We run additional simulations to further investigate the impact of survival model misspecification in (5). The results are provided in the Supplementary Material, where it is shown that misspecification of the Cox regression model can yield biased results, and that the bias increases as the severity of misspecification of (5) grows; this indicates the importance of model-checking before implementing the proposed two-stage method.
5.2 End-stage renal disease
We consider data on inpatient hospital costs of patients with end-stage renal disease (ESRD) as reported in an analysis file provided by the United States Renal Data System (USRDS); this provides an illustrative example of longitudinal data with a terminal event. These costs are of substantial interest, since Medicare paid about $10.5 billion in 2012 for inpatient costs (USRDS 2014 annual report). We focus on the monthly inpatient costs paid by Medicare; these costs are terminated by the occurrence of death, and Chan and Wang (2010) and Liu et al. (2007) suggested that the medical payment pattern changes when patients approach death. We explore this issue taking account of patient level covariates.

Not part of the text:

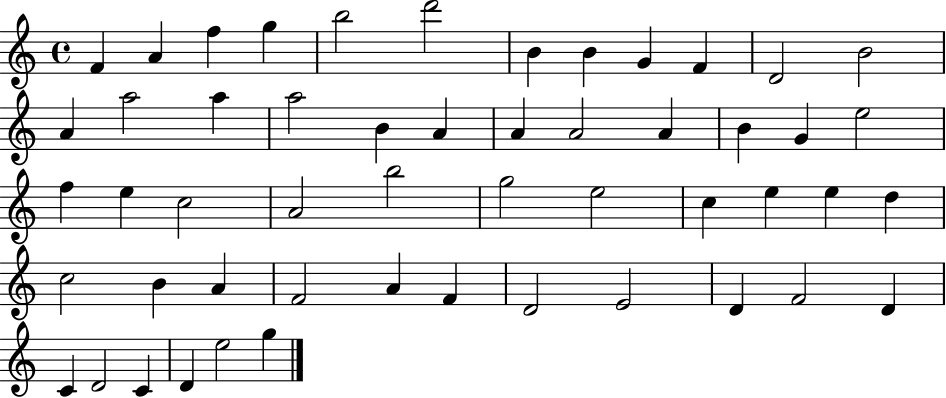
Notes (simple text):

For illustrative purposes, we selected a 2% random sample of the white and black patients whose service started in the calendar year 2007, and who were 65 years or older at baseline. The average age at baseline was 76.1 and follow-up ended on December 31st, 2010. Of the 840 patients selected for analysis, 65.5% died during the follow-up period. Others were censored through loss to follow up or at the end of the study. The average follow-up time for medical payment was 23.4 months. For convenience, we assume that the inpatient cost rate is constant within each hospitalization. For example, if a hospitalization starts from April 21st and ends on May 10th with the amount $3,000, then the Medical payment is $2,000 for April and $1,000 for May. Usually the month of death is shorter than other months. For example, a death on April 15th only has a half month to accrue spending. We consider “spending rate” for the month in which death occurs. For example, for a death on April 15th with the April Medical payment amount $3,000, we scale up the payment to $6,000 for that month in the analysis. Age, log transformed body mass index (BMI), heart disease and lung disease are used as predictors for the death hazard. All of them are significant with p-values < 0.0001, 0.0011, < 0.0001 and 0.0127, respectively. The goodness of fit for the Cox regression model is checked in Figure 1. Dotted lines in the first row of Figure 1 are the plots of 20 realizations from the distributions of the score processes. The observed score processes are presented with solid lines which randomly fluctuate around zero. From Figure 1, we see that the proportional hazards model for age and log transformed BMI fits the data reasonably well, with respective goodness-of-fit empirical p-values of 0.485, and 0.284, respectively, based on 1000 simulated martingale residual score processes (Lin et al., 1993). A plot of log Λ̂0(t) versus log t is displayed in the lower panel of Figure 1. The approximate parallelism of the curves suggests that the proportional hazards model for lung disease and heart disease provides a reasonably good approximation, all except for early times with lung disease.
Figure 1.
Goodness of fit of the Cox model for the ESRD data.
Since the distribution of monthly Medicare payment, Y, is highly skewed, we consider a log transformation log(Y/1000 + 1). Figure 2 shows the final six-month trajectories of monthly inpatient costs (log transformed) for 30 randomly selected patients who died during follow-up (dotted lines). Many show an increasing and then decreasing pattern before death. We consider a normal kernel in the nonlinear mixed model.
Figure 2.
Monthly inpatient costs (log transformed). The solid line is the average of the estimated log transformed monthly cost. The shaded area is its 95% pointwise confidence band. The dotted lines are 30 randomly selected subjects with terminal event
Exploration of the data showed a similar pattern after entry as described in Liu et al. (2007). Inpatient costs tended to increase over the first two months after entry, and then showed an approximately linear decreasing pattern through to the eighth month. Hence, we create three variables to capture this effect, where Start1 = 1(Month = 1), Start2 = Month × 1(2 ≤ Month ≤ 7) and Start3 = 1(Month ≥ 8). Diabetes, heart disease and race are also the covariates of interest, whereas age, BMI, sex and lung disease are not significantly associated. The final models are
Table 5 shows the regression coefficient estimates, where we see that the proposed two-stage method yields similar point estimates with smaller estimated variances compared to the complete case analysis, indicating the efficiency gain of the proposed method.
Table 5.
Longitudinal data analysis results for the inpatient cost paid by Medicare with death as a covariate.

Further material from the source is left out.